[Input data]

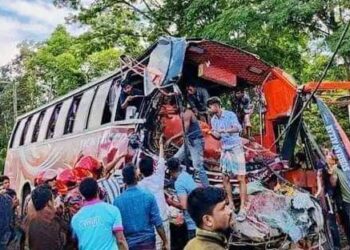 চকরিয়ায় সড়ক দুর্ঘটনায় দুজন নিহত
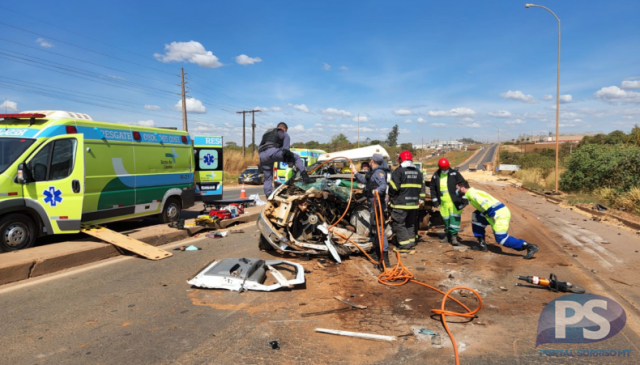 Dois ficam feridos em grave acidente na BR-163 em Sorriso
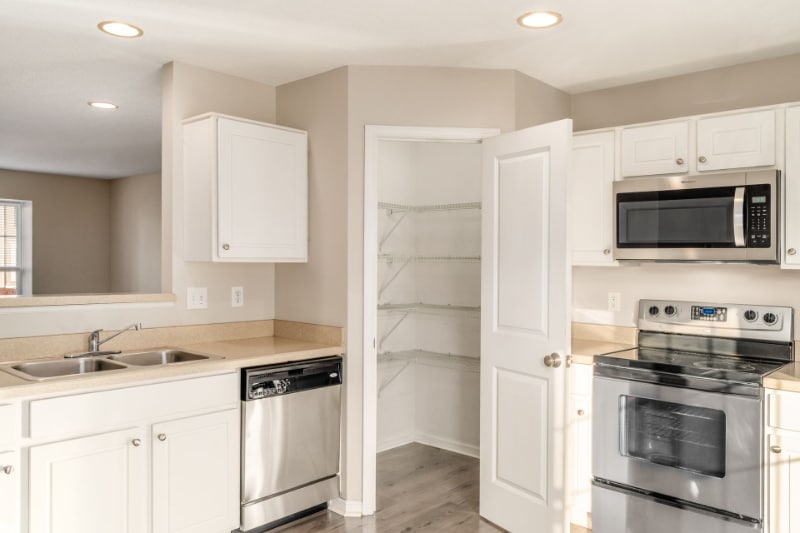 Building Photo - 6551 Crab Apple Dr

--

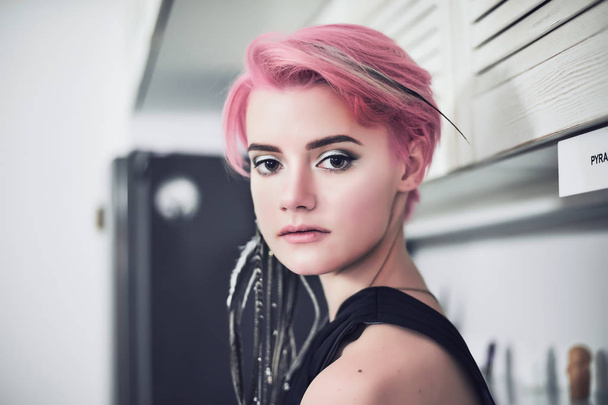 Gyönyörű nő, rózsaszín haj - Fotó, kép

==

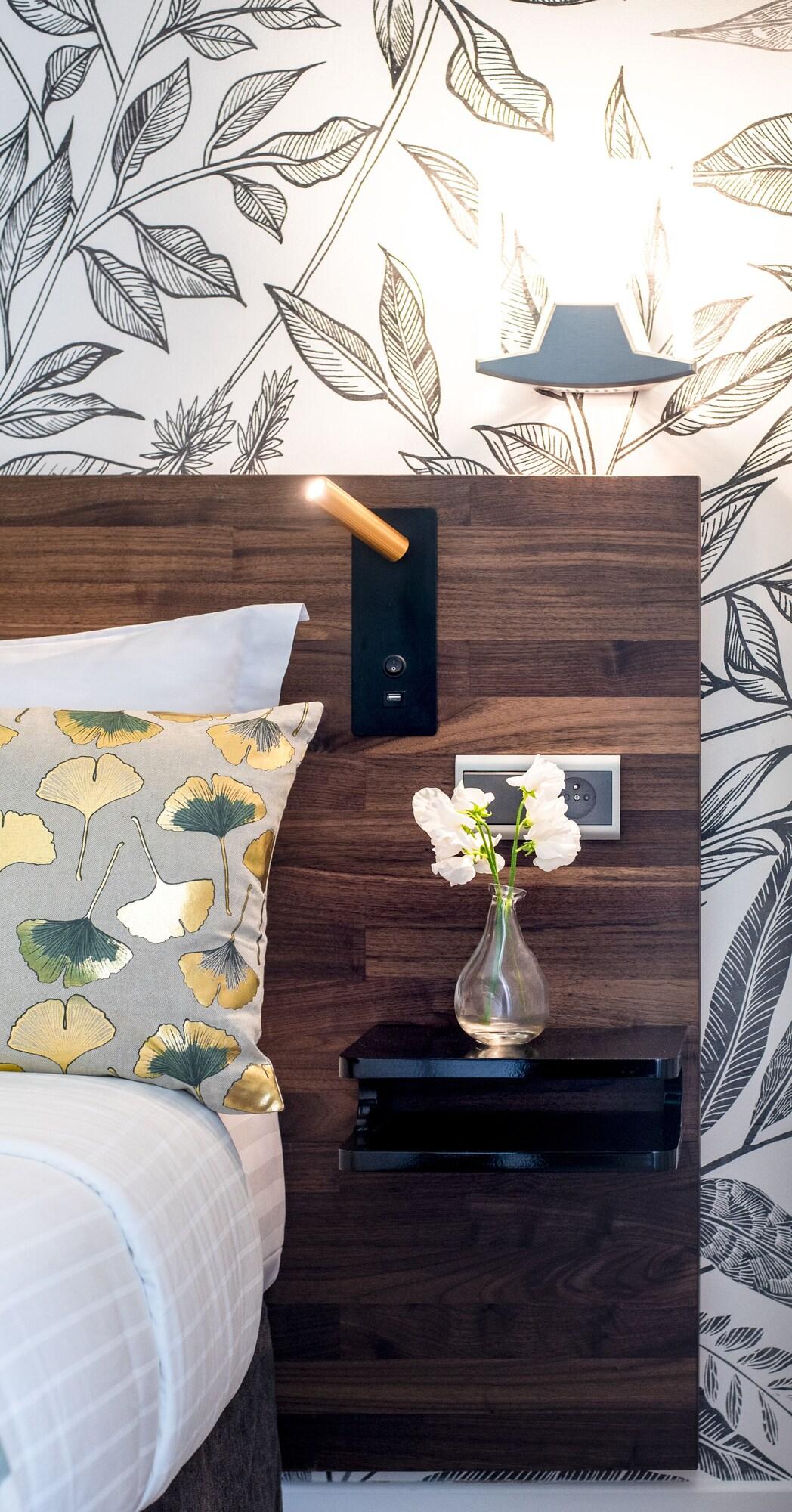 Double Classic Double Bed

[Task objective] Please return the data above exactly as it stands from the line with "চকরিয়ায় সড়ক দুর্ঘটনায় দুজন নিহত" to the line with "Building Photo - 6551 Crab Apple Dr", keeping both of those lines but none of the pictures.

[Exercise result]
 চকরিয়ায় সড়ক দুর্ঘটনায় দুজন নিহত
 Dois ficam feridos em grave acidente na BR-163 em Sorriso
 Building Photo - 6551 Crab Apple Dr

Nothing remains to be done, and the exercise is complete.